* **Directions**:
Your output should be the complete listing, word for word, with no pictures in it.
--- Data below ---
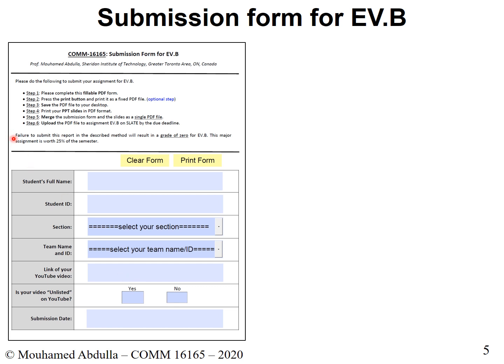Remember to submit everything by April 17, 2020 — Friday — by 5 PM Eastern. This is a major deliverable worth 25% of the semester, so make sure you complete it. If I don't receive it, unfortunately that will affect your grade.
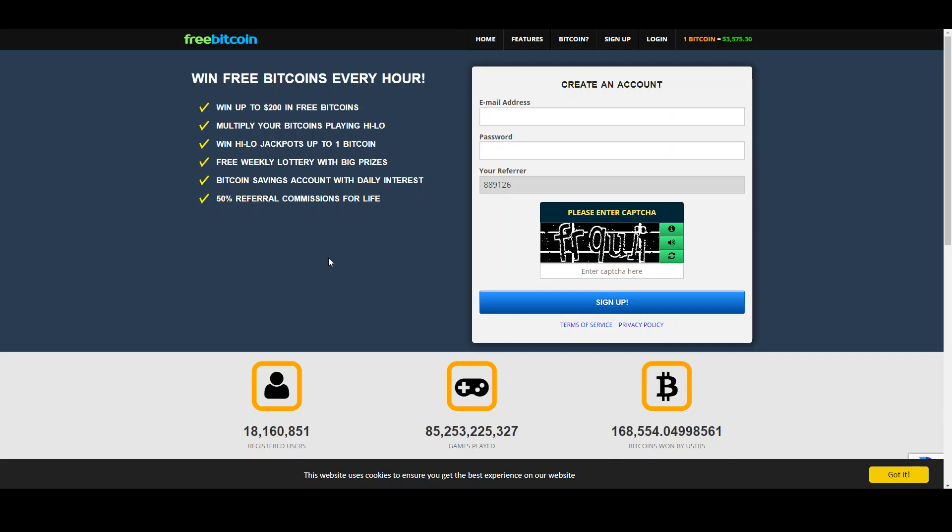In this video I would like to present you probably one of the oldest Bitcoin faucets existing. FreeBitcoin has paid up to 168,554 bitcoins to its users.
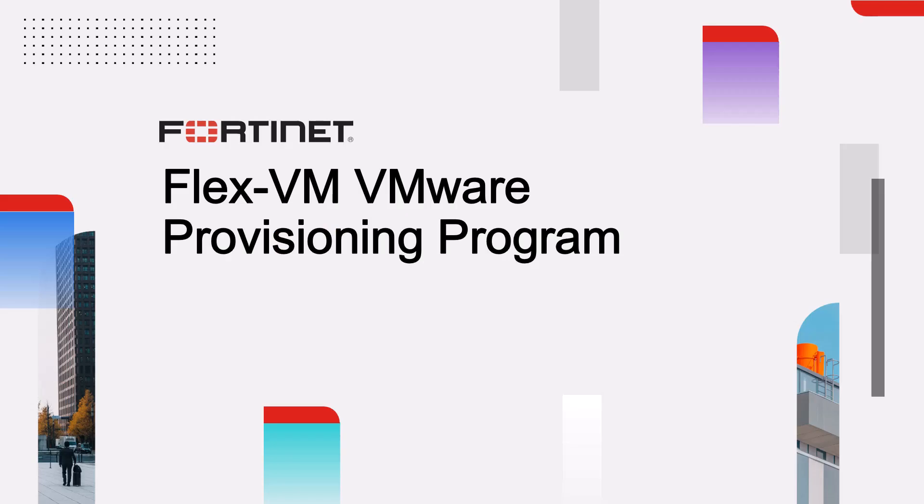Welcome to the Fortinet FlexVM program video. In this session we're going to discuss how selected Fortinet virtual machine products can be deployed and licensed automatically using FlexVM.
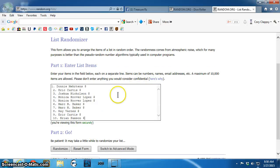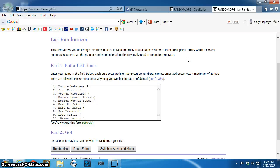Here's the list. Next, we've got Donnie, Eric, Joshua, Monica for two, Mark for two, Ray, Eric, and Brian.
---
* **Solution for this task**:
Remember to submit everything by April 17, 2020 — Friday — by 5 PM Eastern. This is a major deliverable worth 25% of the semester, so make sure you complete it. If I don't receive it, unfortunately that will affect your grade.
In this video I would like to present you probably one of the oldest Bitcoin faucets existing. FreeBitcoin has paid up to 168,554 bitcoins to its users.
Welcome to the Fortinet FlexVM program video. In this session we're going to discuss how selected Fortinet virtual machine products can be deployed and licensed automatically using FlexVM.
Here's the list. Next, we've got Donnie, Eric, Joshua, Monica for two, Mark for two, Ray, Eric, and Brian.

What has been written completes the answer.